Task: Only an exact copy belongs in the answer: the line with "Australia Christmas In" and every line after it through the end of the records, pictures left out.

(Supplied entries begins)

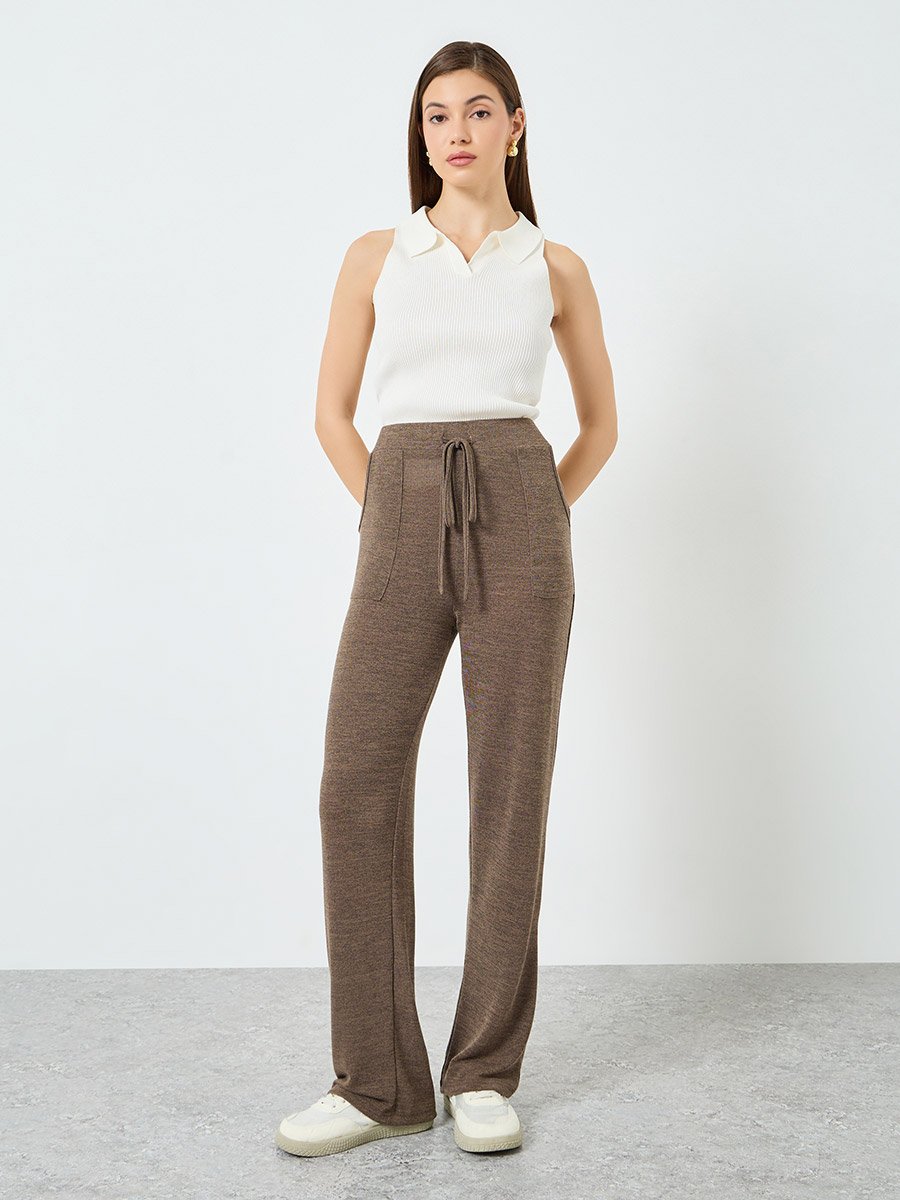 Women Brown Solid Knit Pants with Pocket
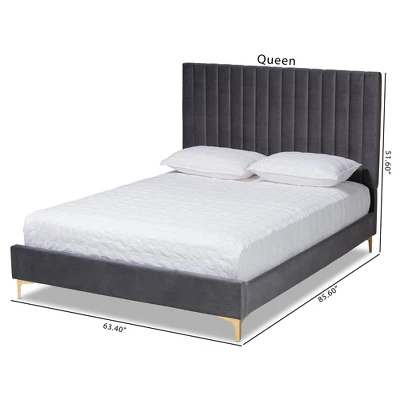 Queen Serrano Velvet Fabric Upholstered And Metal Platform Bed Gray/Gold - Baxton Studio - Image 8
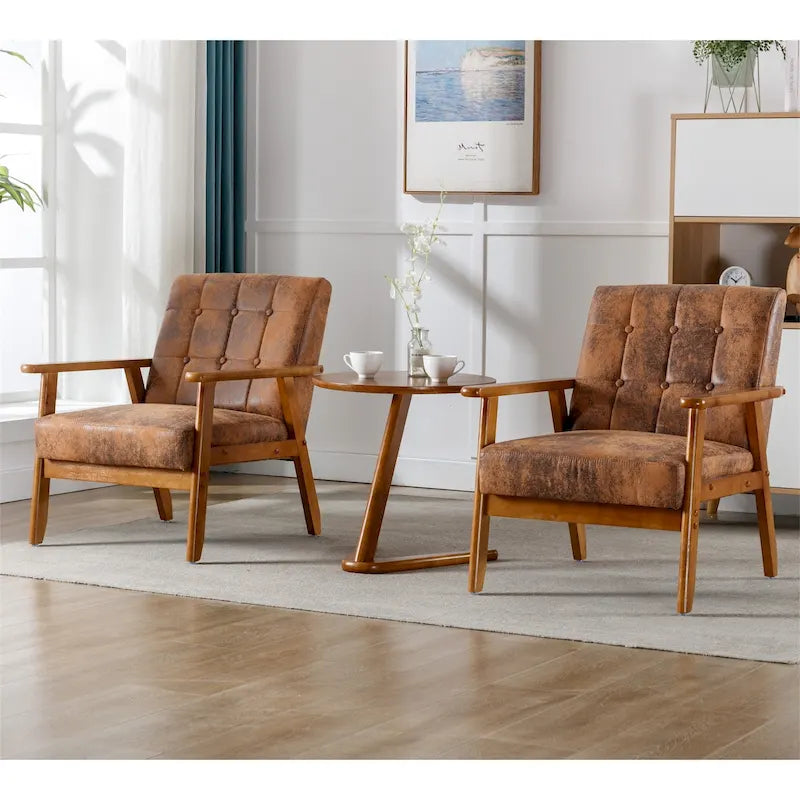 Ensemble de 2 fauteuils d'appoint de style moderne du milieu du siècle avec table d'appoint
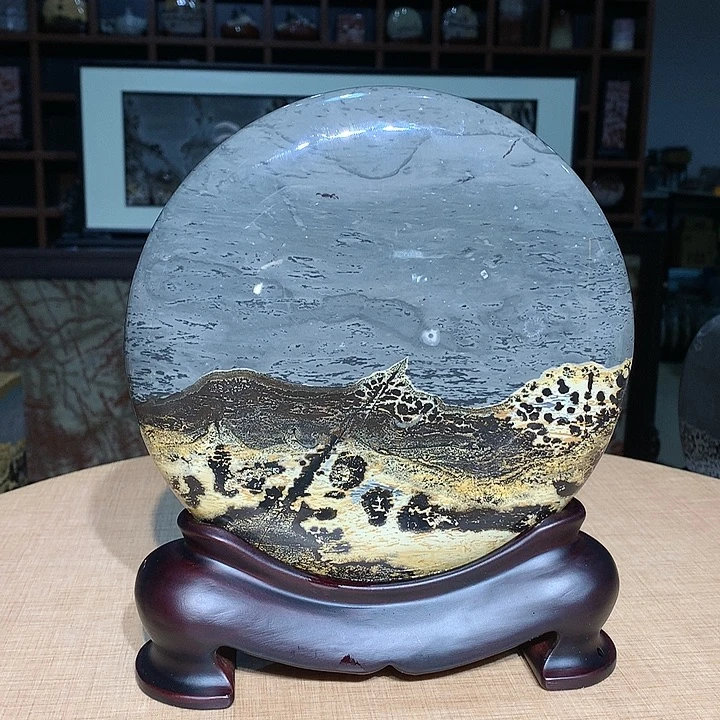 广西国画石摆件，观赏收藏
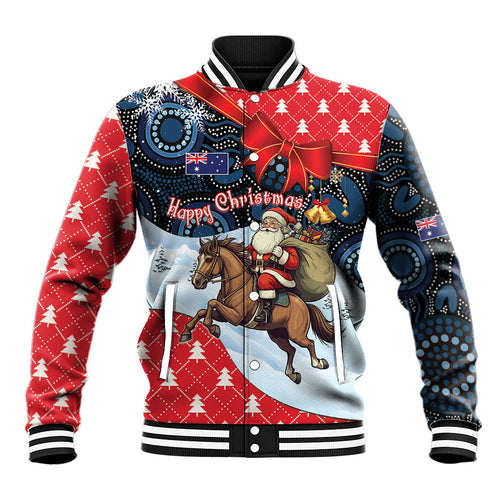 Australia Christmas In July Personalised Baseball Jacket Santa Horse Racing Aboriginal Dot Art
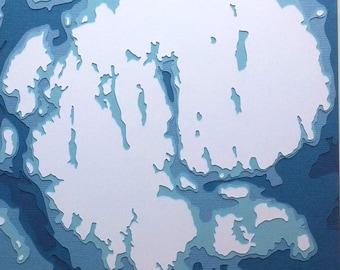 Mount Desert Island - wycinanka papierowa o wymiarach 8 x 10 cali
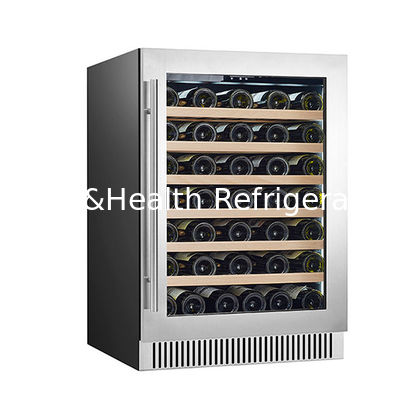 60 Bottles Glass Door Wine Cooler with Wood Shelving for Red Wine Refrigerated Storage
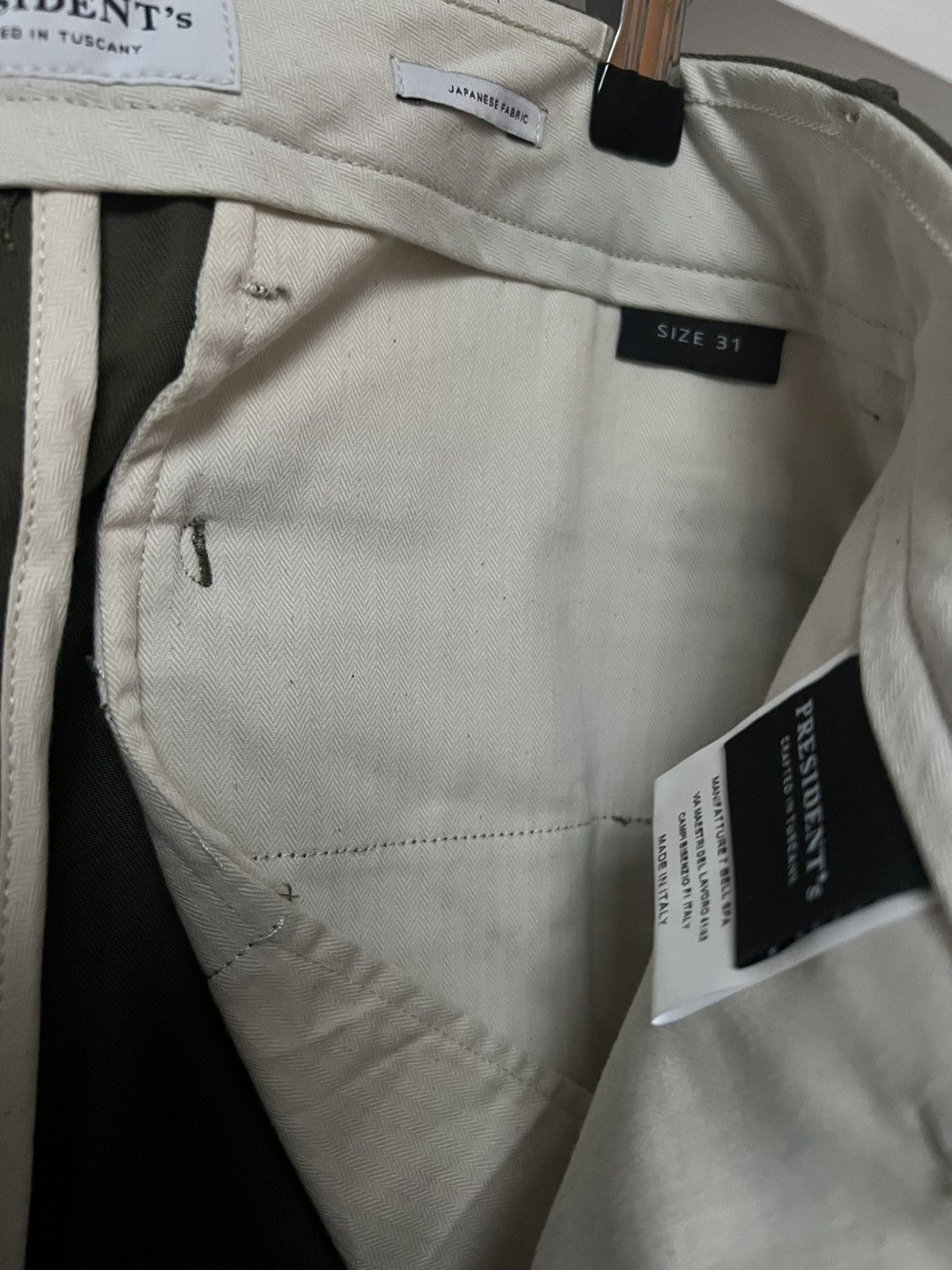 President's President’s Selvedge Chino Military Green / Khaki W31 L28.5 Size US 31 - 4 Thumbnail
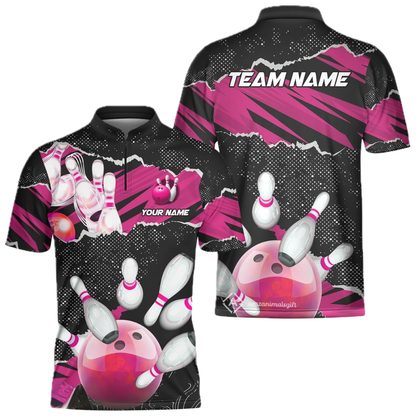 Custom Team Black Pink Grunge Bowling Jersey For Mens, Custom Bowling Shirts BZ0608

(Supplied entries ends)

Solution for this task:
 Australia Christmas In July Personalised Baseball Jacket Santa Horse Racing Aboriginal Dot Art
 Mount Desert Island - wycinanka papierowa o wymiarach 8 x 10 cali
 60 Bottles Glass Door Wine Cooler with Wood Shelving for Red Wine Refrigerated Storage
 President's President’s Selvedge Chino Military Green / Khaki W31 L28.5 Size US 31 - 4 Thumbnail
 Custom Team Black Pink Grunge Bowling Jersey For Mens, Custom Bowling Shirts BZ0608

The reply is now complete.